However, there is a complication that neither congressional Democrats nor the Department of Justice appear ready to acknowledge or discuss: The strength of the legal authority supporting lawmakers’ demand for grand jury evidence depends in part on whether those materials are sought in connection with an impeachment inquiry, something party leaders have publicly disavowed.
“I’m not for impeachment,” House Speaker Nancy Pelosi said in a Washington Post magazine interview earlier this month. “Impeachment is so divisive to the country that unless there’s something so compelling and overwhelming and bipartisan, I don’t think we should go down that path, because it divides the country.

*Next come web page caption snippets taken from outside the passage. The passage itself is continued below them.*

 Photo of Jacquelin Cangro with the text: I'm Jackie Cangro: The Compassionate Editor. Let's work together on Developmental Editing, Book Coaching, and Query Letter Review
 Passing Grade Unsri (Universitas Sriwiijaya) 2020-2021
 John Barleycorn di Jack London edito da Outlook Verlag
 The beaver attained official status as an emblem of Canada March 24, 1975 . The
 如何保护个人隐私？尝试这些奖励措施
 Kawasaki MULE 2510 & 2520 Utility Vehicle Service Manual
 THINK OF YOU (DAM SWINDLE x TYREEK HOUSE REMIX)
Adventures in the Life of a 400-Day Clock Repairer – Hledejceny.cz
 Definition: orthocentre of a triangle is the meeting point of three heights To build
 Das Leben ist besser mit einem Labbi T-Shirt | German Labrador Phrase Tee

And he’s just not worth it.”
The battle over grand jury material was already alluded to in Attorney General William Barr’s letter to Congress on Sunday, in which he noted the special counsel’s report contains grand jury evidence that would be kept under wraps, citing the general procedural rule governing secrecy of these proceedings. The heads of the congressional investigating committees, in response, have signaled that they expect Mueller’s entire report and everything that he gathered, including the grand jury materials, to be turned over.
In their reply to Barr, the committee chairs noted — without going into detail — that there’s legal authority for the release of grand jury materials to Congress “under similar circumstances.”

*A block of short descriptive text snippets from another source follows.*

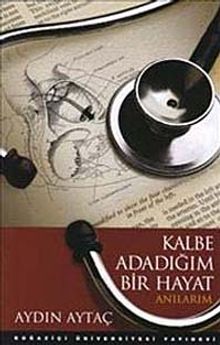 Kalbe Adadığım Bir Hayat & Anılarım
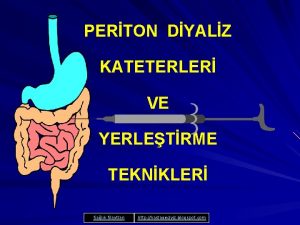 PERTON DYALZ KATETERLER VE YERLETRME TEKNKLER Salk Slaytlar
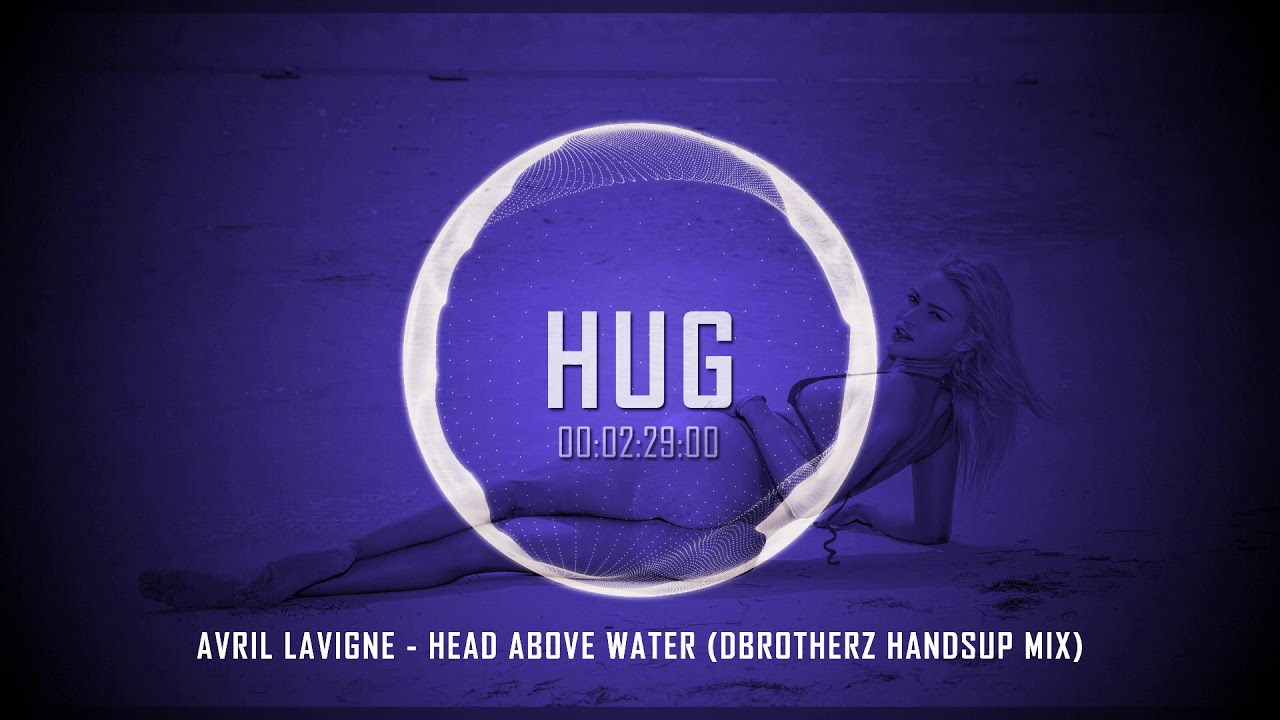 Avril Lavigne - Head above Water (dBrotherz HandsUp Mix)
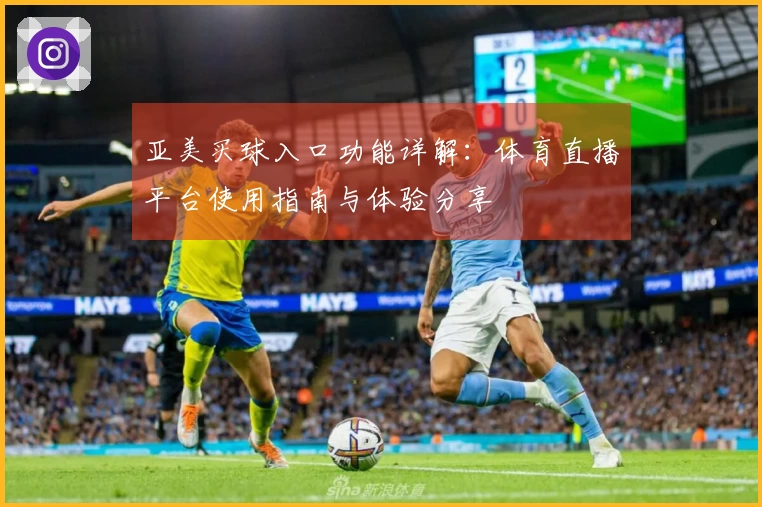 亚美买球入口功能详解：体育直播平台使用指南与体验分享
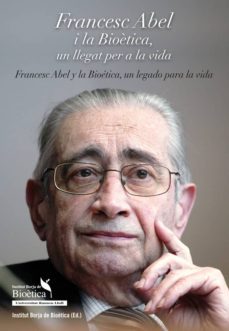 francesc abel i la bioetica un llegat per a la vida-francesc abel i fabre-9788415549406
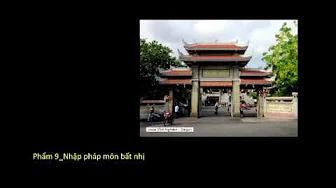 HT. Thích Thanh Từ_(10/14)_(P9_Nhập pháp môn bất nhị) 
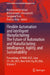 Flexible Automation and Intelligent Manufacturing: The Future of Automation and Manufacturing: Intelligence, Agility, and Sustainability: Proceedings by Krishnaswami Srihari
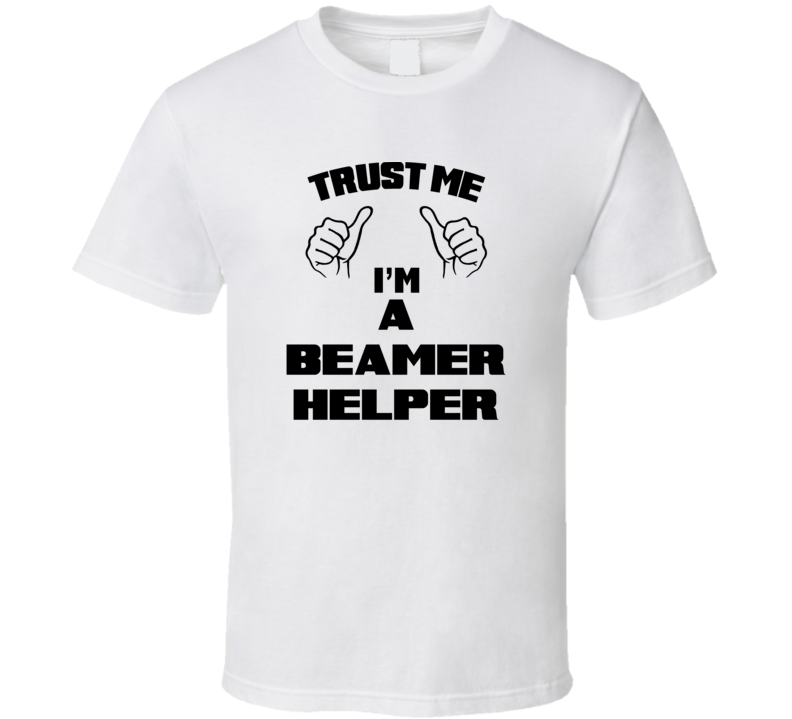 Trust Me Im A Beamer Helper Job Title Funny T Shirt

Democratic House and Senate staff have confirmed that they want that evidence. “We expect the grand jury materials,” Shadawn Reddick-Smith, a spokesman for House Judiciary Chairman Jerrold Nadler, said. A spokesman for Senate Judiciary ranking member Dianne Feinstein, Tom Mentzer, added that Democrats’ calls for the Mueller report and underlying evidence “would certainly include the grand jury materials.”
But that means Democrats leading the House investigative committees will have to convince Department of Justice lawyers that turning over grand jury materials to Congress is permissible, or go to court to compel the production of those materials.

If Democrats frame their requests as preliminary to a potential impeachment proceeding, they would likely be on stronger legal footing because it would make an exception to the general rule of grand jury secrecy available to them — one that likely would not be available for a simple oversight request. However, adopting that stronger legal position to obtain investigative materials would run the risk of contradicting the political messaging of Democratic leaders, including Pelosi, who have sought to take impeachment off the table.
House and Senate Democrats declined to answer questions about the specifics of their precedent and whether it may be influenced by impeachment. The Department of Justice, likewise, did not respond to repeated requests for comment.
Grand jury secrecy is a long-established tradition under the common law.
The Fifth Amendment to the Constitution makes the grand jury an integral part of federal criminal investigations. It provides, in part, that “no person shall be held to answer for a capital, or otherwise infamous crime, unless on a presentment or indictment of a grand jury.” Accordingly, unless a cooperative defendant is willing to waive the requirement, every federal prosecutor must obtain the agreement of a grand jury in order to bring serious criminal charges.